In 2012, the world learned of an amazing project at Google’s secretive X lab. The simulated neural network, which has three million neurons, was able to identify cats and people in images taken from YouTube without human help.

The project’s members formed a new research group, the Google Brain, under the company’s search division. Together with other researchers, they quickly demonstrated to the world that an artificial neural network, a decades-old invention, had brought image recognition and speech recognition to unprecedented levels of accuracy. The success of deep learning has prompted Google and other companies to start investing heavily in ARTIFICIAL intelligence, and even led some experts to declare that “we should be ready for software that is smarter than humans.”

Google’s cat detector, however, is something of a dead end. The recent success of deep learning has been built on software that requires humans to help it learn, greatly limiting the upside of AI.

Google’s experiment used a method of unsupervised learning, in which the software was fed raw data and then had to calculate the results without human help. Although it can learn to recognize cats, faces and other objects, it is not yet accurate enough to be used. Both deep learning research and the explosion of product development based on it are based on supervised learning, in which data is manually tagged and then fed to software — for example, we name each object in a picture.

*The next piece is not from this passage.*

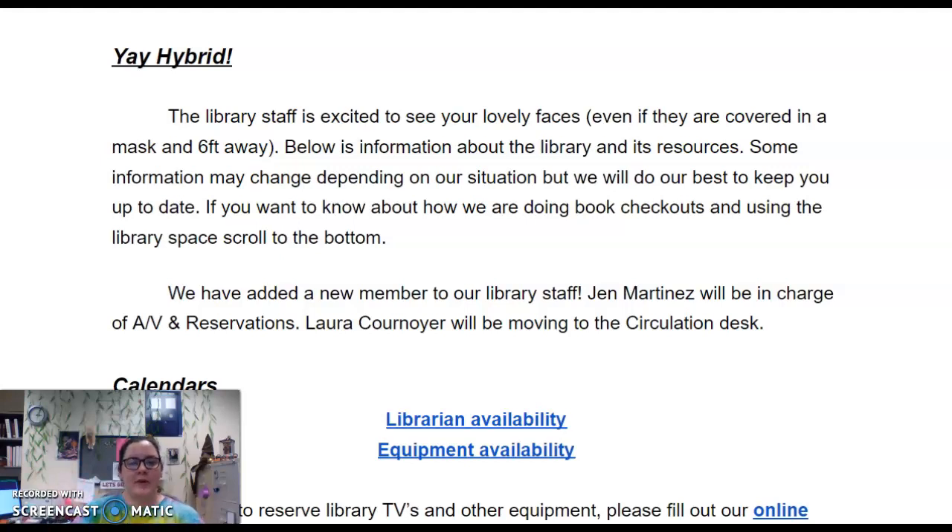Hi everyone, I am Shannon Garrett and I'm the librarian for MESA. This video is just going to explain how the library is operating in our hybrid schedule. We're so excited to see you, even if it's six feet away with the mask on, but we have some information for you.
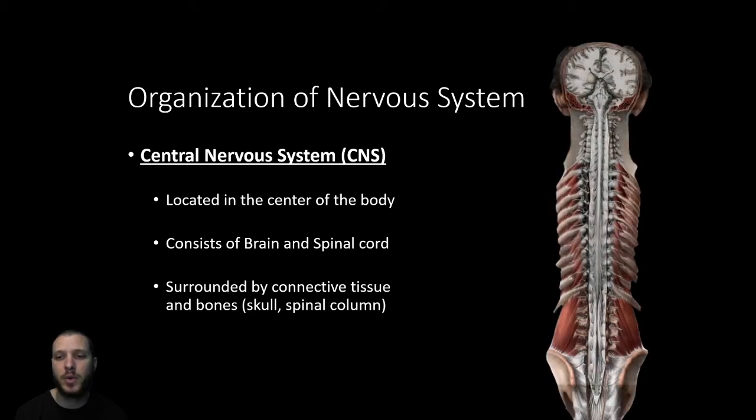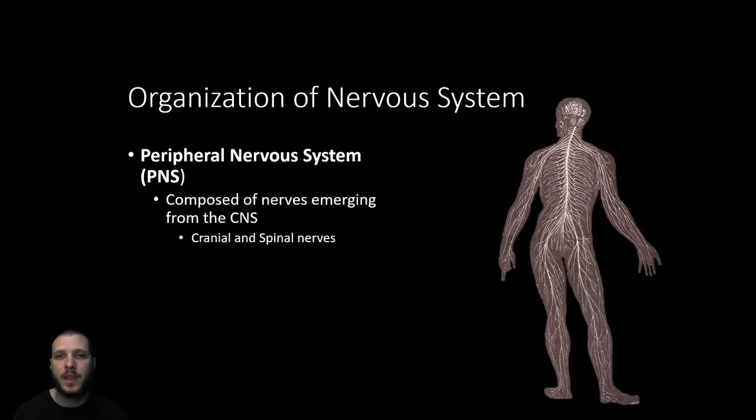Here we can see the posterior aspect of the central nervous system. All the nerves that come out from the central spinal cord and brain are termed the peripheral nervous system — peripheral meaning out to the side, just like peripheral vision. Everything emerging from the central nervous system is considered peripheral. They can come directly from the brain as cranial nerves, or they emerge from the spinal column. All those white fibers you see here are what we consider the peripheral nervous system.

This has proved very effective for solving problems such as identifying objects in pictures, filtering out spam and even suggesting ways to respond to text messages (a feature Google introduced last year). But if software is needed to better understand the world, unsupervised learning may be needed, says Jeff Dean, who now heads the Google Brain project and worked on Google X’s “cat Detector” project.

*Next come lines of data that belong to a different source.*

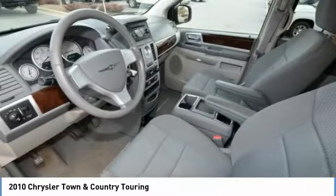This isn't just a vehicle, it's an experience. So stop in for a test drive today.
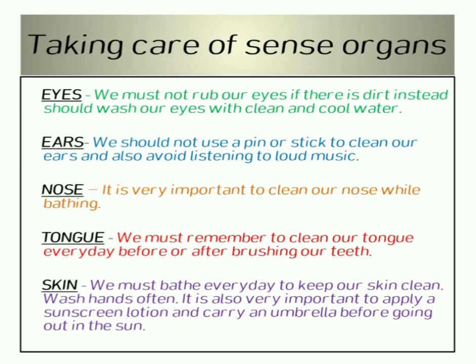We must avoid listening to loud music. Nose — it is very important to clean our nose while bathing. Do not put anything into your nose. Tongue — we must remember to clean our tongue every day before or after brushing our teeth.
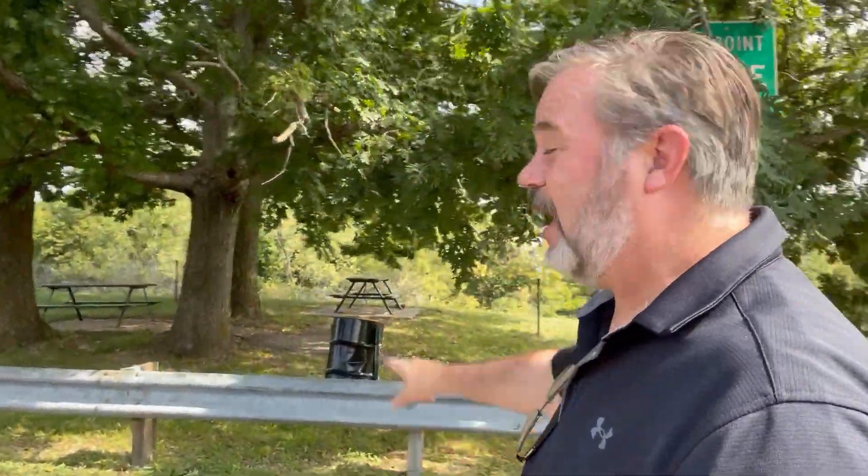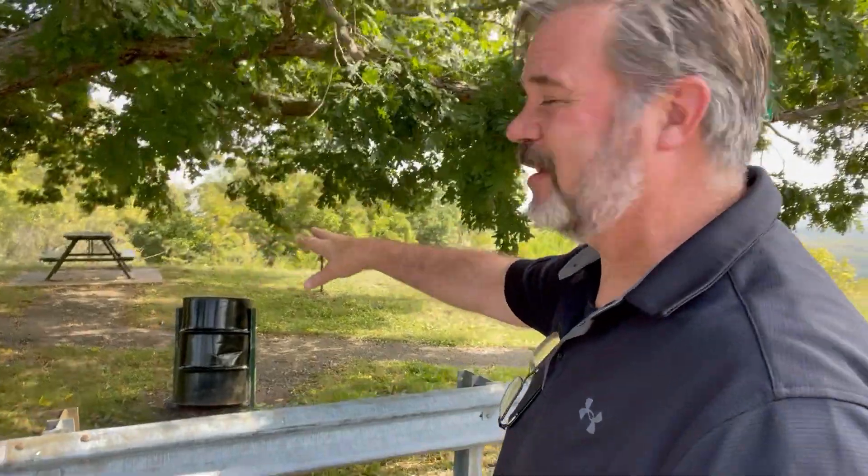They need to cut the grass. But they have trash cans, so that's a plus. They've got picnic tables, but they're not that well taken care of. But then they say it's a scenic overlook — well, let's take a look and see what that scenic overlook is.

“I’m pretty sure we need it,” Dean says. “Supervised learning works great when you have the right data set, but the ultimate unsupervised learning is going to be an important part of building truly intelligent systems — if you look at how humans learn, it’s all unsupervised.”

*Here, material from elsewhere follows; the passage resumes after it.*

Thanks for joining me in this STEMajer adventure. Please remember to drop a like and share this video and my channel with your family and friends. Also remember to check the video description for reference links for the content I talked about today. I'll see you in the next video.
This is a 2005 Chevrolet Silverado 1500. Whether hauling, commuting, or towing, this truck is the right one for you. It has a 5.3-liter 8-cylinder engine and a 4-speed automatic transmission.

A perfect example is that infant learning forms the basis for adult intelligence. We know, for example, that an object persists when moved out of sight, or falls to the ground without support, things we learn from observing the world without explicit guidance. Just like animals, robots need this common sense if they want to explore the real world. This can also consolidate more abstract tasks, such as language understanding.

Giiso Information, founded in 2013, is a leading technology provider in the field of “artificial intelligence + information” in China, with top technologies in big data mining, intelligent semantics, knowledge mapping and other fields. At the same time, Giiso’s research and development products include editing robots, writing robots and other artificial intelligence products! With its strong technical strength, the company has received angel round investment at the beginning of its establishment, and received pre-A round investment of $5 million from GSR Venture Capital in August 2015.

Yann LeCun, director of Facebook’s AI research group, says that if AI is to meet people’s larger ambitions, it will have to figure out how software can do things that are easy for human babies. “We all know that in the end the answer is unsupervised learning,” he says. “Solving the problem of unsupervised learning will take us to the next level.”

Although they don’t have the final answer, researchers at companies like Facebook and Google, as well as in academia, are experimenting with some limited forms of unsupervised learning.

One branch of research aims to create an artificial neural network that digests videos and images and uses their knowledge about the world to produce new images — meaning they have formed internal representations of how the world works. Making accurate predictions about the world is a very important basic feature of human intelligence.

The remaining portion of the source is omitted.